Смерть сегодня – одна из популярнейших тем индустрии развлечений.
Таким образом, смерть и жизнь за ее пределами в 1950-х были запретной темой, но сегодня ситуация изменилась. Появились кинофильмы, пьесы и романы, которые исследуют эту тему со всех возможных точек зрения. Такие фильмы, как «Четыре свадьбы и одни похороны» или «И видеть сны» (Perchance to Dream), отражают горячий интерес нового поколения к вопросу, который раньше не задавали и на который люди не знают удовлетворительного ответа. «Мрачный» сегмент рынка переполнен темой смерти, и это не только сцены насилия, но и «ужастики», в которых смерть становится главным источником тревоги. Нигилизм, порожденный секуляризмом, отнял у многих людей смысл жизни, и это опять-таки заставляет думать о смерти. Один из самых блестящих спектаклей, которые мне удалось увидеть, когда мы жили в Лондоне, – это завоевавшая Пулитцеровскую премию пьеса «Wit», написанная школьной учительницей из Атланты (штат Джорджия) Маргарет Эдсон.11 Его героиня Вивиан Биринг – известный специалист по «Священным сонетам» Джона Донна, а все действие разыгрывается в больничной палате, где Вивиан умирает от рака, размышляя над великим сонетом Донна «Смерть, не тщеславься…». О нем нам еще предстоит поговорить. Эта пьеса пользовалась большим успехом в Нью-Йорке, чем в Лондоне; возможно, готовность всестороннее обдумать вопрос смерти зрелого человека в США выше, чем в Великобритании. Но подобные вопросы окружают нас со всех сторон. Когда я готовил лекции, положенные в основу данной книги, вся страна говорила о Джоне Даймонде. Этот журналист, обладавший лаконичным стилем и стоическим мышлением, умирал от рака гортани. Убежденный атеист, он писал о том, что отвергает любые утешения и мысли о спасении в загробной жизни. Этот человек уже умер. Интерес к его колонке и обмен мнениями читателей свидетельствуют о том, что в нашем мире тема смерти и того, что лежит (или не лежит) за ее пределами, крайне притягательна.

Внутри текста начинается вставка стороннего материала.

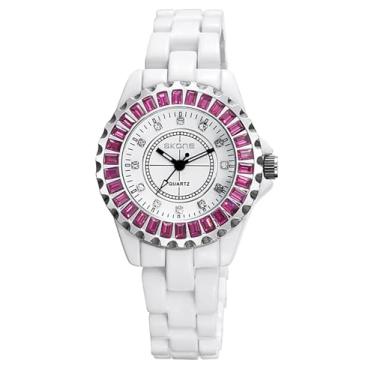 Imagem de Gosasa Relógio de pulso feminino de luxo moderno com strass branco relógio de cerâmica casual feminino bonito relógios sociais, W roxo, Casual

Куда же это нас ведет? Не так давно Рут Гледхилл, которая освещает религиозную тему в газете The Times, утверждала в своей статье, что сейчас образовалась пропасть между представлениями основных церквей и «волшебством» всевозможных взглядов, культов и верований движения New Age. Один из читателей ответил на это, что для него как для постороннего наблюдателя представления церквей также кажутся верой в волшебство. «С точки зрения нехристиан, – писал он, – члены Церкви Англии, без сомнения, верят в возвращение трупов к жизни». Косвенно он хотел сказать примерно следующее: если это не волшебство, то что же вообще можно назвать волшебством?